Archive for the ‘hero’ tag
I am finding Hillman’s book to be quite challenging and fascinating. He is forcing me to rethink my own muddled ideas about self, and to look at the culture in which I was born and raised. As I read daily in newspapers, editorials and in the social media of Twitter and Facebook, we are, as a culture, caught in a vortex of energy that wants release, wants to escape the messiness of a world we have created. We have “Occupy” movements, we have loud and sometimes violent and destructive protests hoping somehow that we can change the world we have created. But, can we change this bed we have created for ourselves without changing our sustaining myth as a culture? That is the critical question. Certainly, we cannot change that myth if we don’t know what that myth is.

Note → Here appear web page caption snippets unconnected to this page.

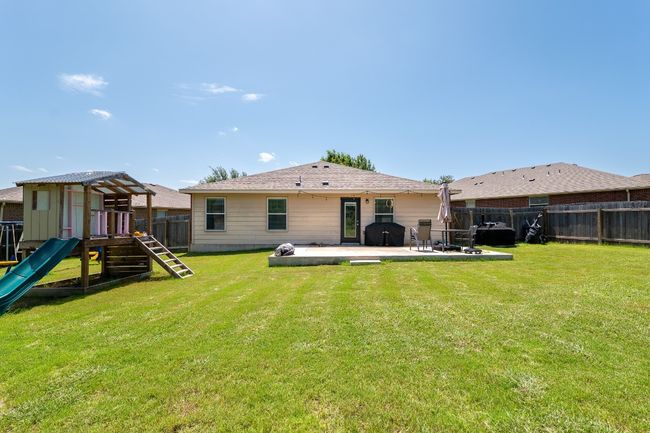 5601 Malcom Trl, House other with 3 bedrooms, 2 bathrooms and 4 parking in Austin TX | Image 16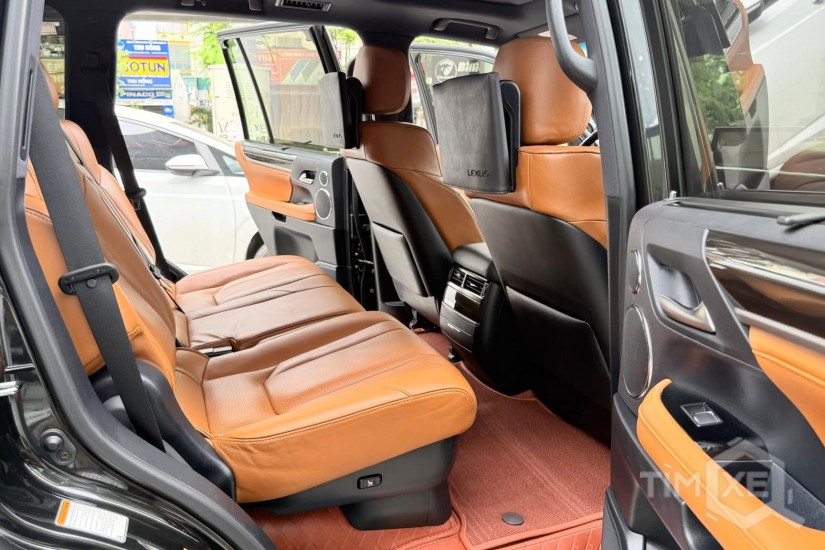 Bán Lexus LX570 Super Sport nhập Trung Đông, sản xuất 2019, 1 chủ. - TimXe.Net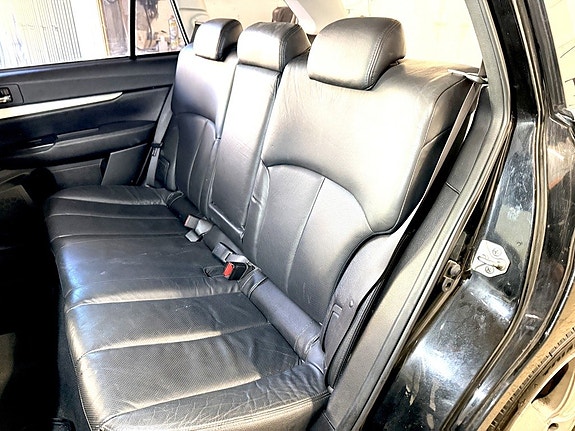 Subaru Legacy 11 of 14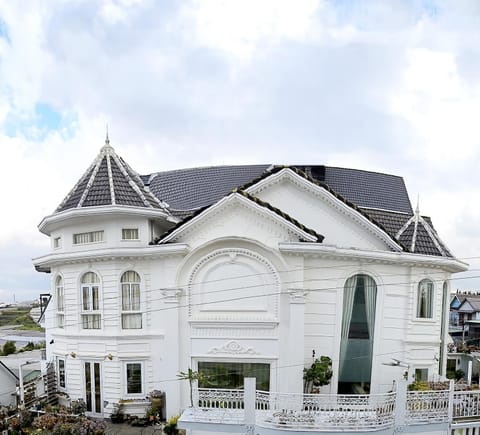 Property building, Day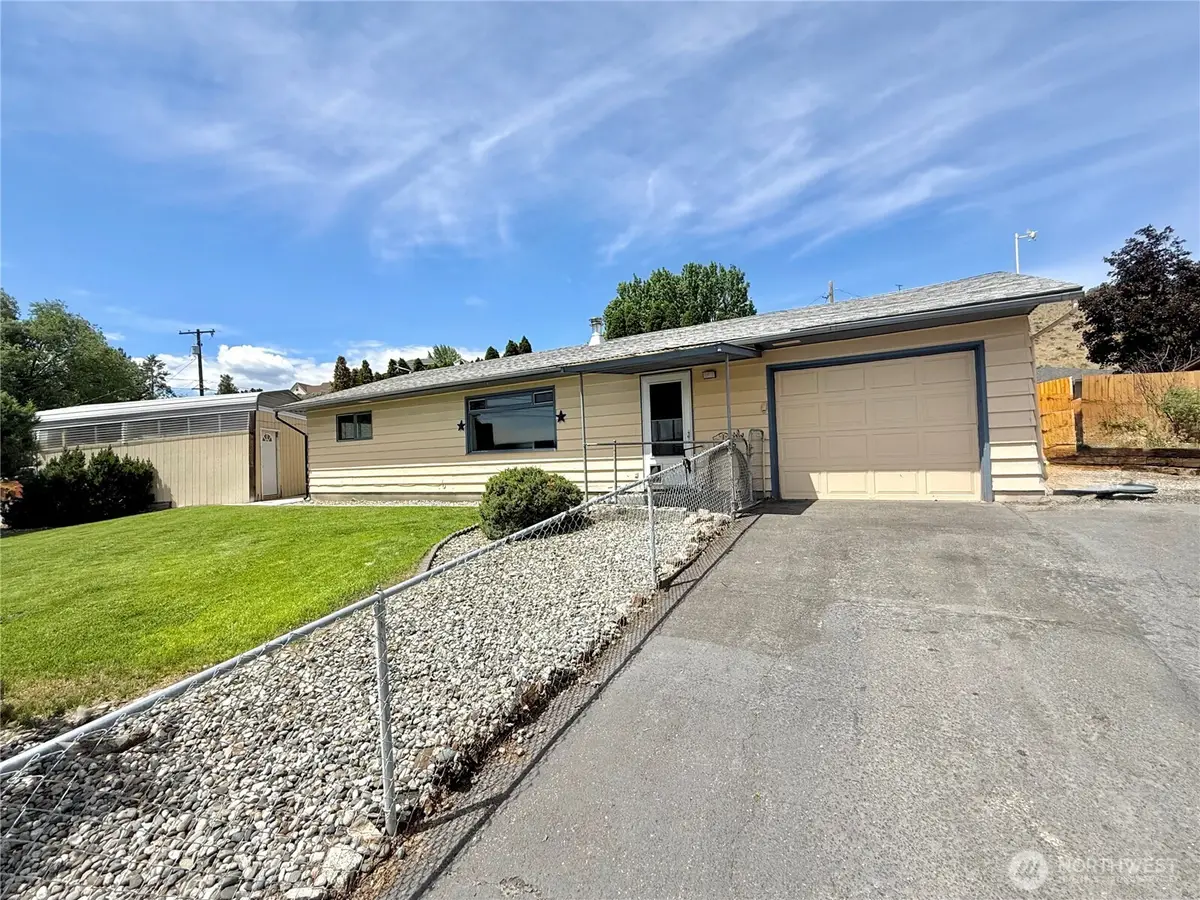 703 Sunrise Drive, Omak, WA 98841 - #1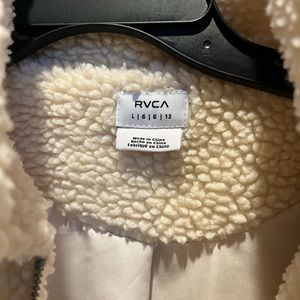 RVCA Cream Ted Sherpa jacket size large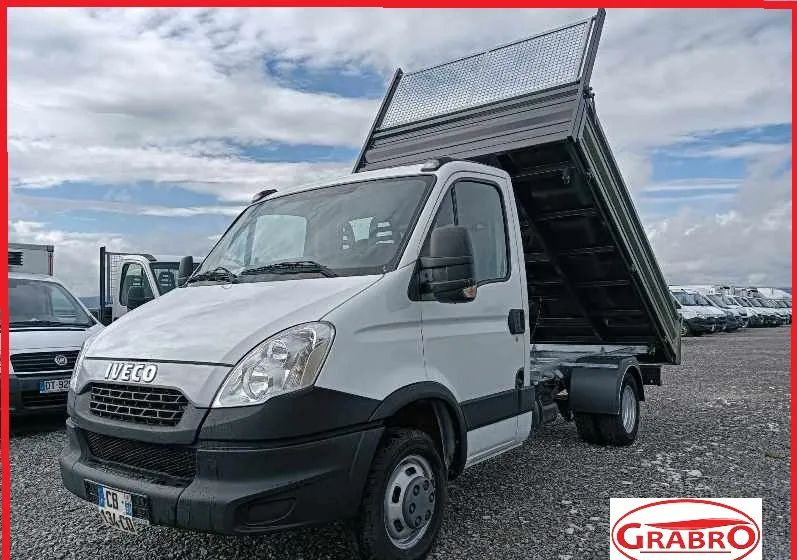 Iveco DAILY 35C11, 35C12, 35C15 - Ladbil med tip: billede 1 Iveco DAILY 35C11, 35C12, 35C15 - Ladbil med tip: billede 1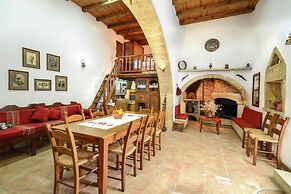 Villa in Crete With Vineyard Experience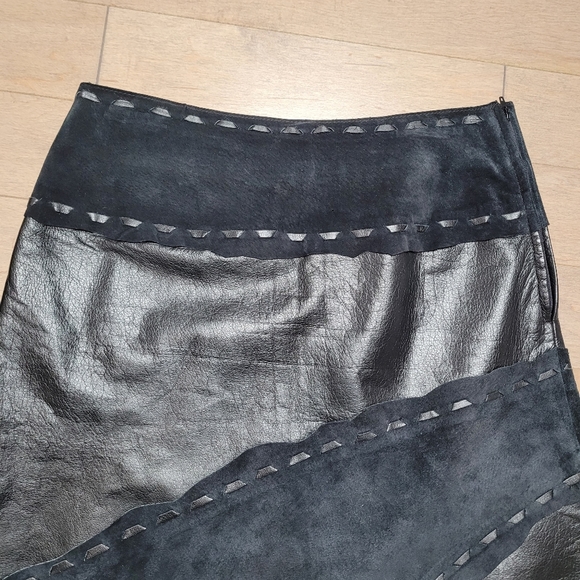 Vintage Y2K Danier black leather and suede asymmetrical midi skirt size 2 - Picture 6 of 15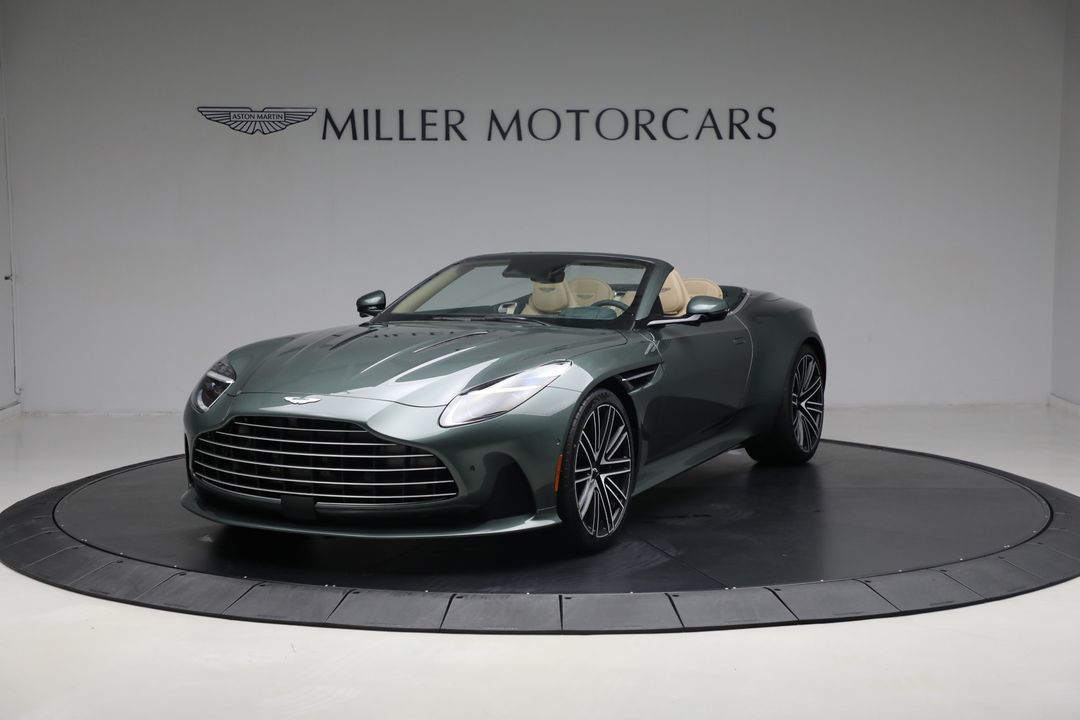 2025 Aston Martin DB12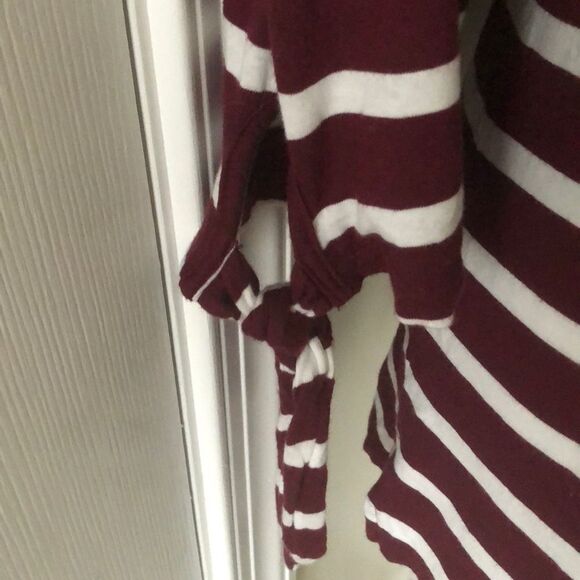 — Old Navy — Striped Shirt Burgundy & White Small - Picture 2 of 5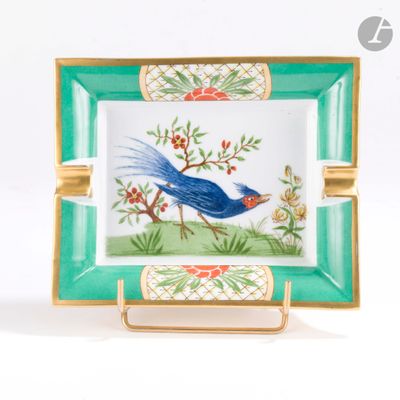 une image représentant un oiseau bleu sur une assiette verte et dorée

“Were we to be interviewed by an aboriginal anthropologist from Australia for our “dream,” our “Gods,” and our “cosmology,” this would be the story we would tell. We would tell of the struggle each day brings to Ego who must rise and do battle with Depression and Seduction and Entanglement, so as to keep the world safe from Chaos, Evil, and Regression, which coil round it like an oppressive Swallowing Serpent. This gives account to our inquirer of our peculiar irrationalities, why we sweep the streets, why we pay taxes, why we go to school and to war – all with compulsive, ritualistic energy so as to keep the Serpent at bay. This is our true cosmology, for Ego, who changes rivers in their course and shoots to the moon, acts not out of hunger or Gods or tribal persecutions, as the inquiring aboriginal might imagine in his savage mind, so inert and lazy bound to the maternal uroboros, with his “weak ego.” No, our civilization’s excessive activism is all to keep back the night of the Serpent, requiring a single monotheistic single-mindedness, a cyclops’s dynamism of all the God which She and Ego have partaken together at a Western banquet lasting three thousand years and perhaps now coming to it indigestible conclusion as Ego weakens in what we call “neurosis| and the swallowed Gods stir again in the imaginal dark of his shadow and of her belly. Ego and Unconscious, Hero and Serpent, on and Mother, their battle, their bed and their banquet – this is the sustaining myth we must tell to account for our strange ways: why we are always at war, why we have eaten up the world, why we have so little imaginative power, and why we have only one God and He so far away.” (Hillman, Senex & Puer, pp 144-145)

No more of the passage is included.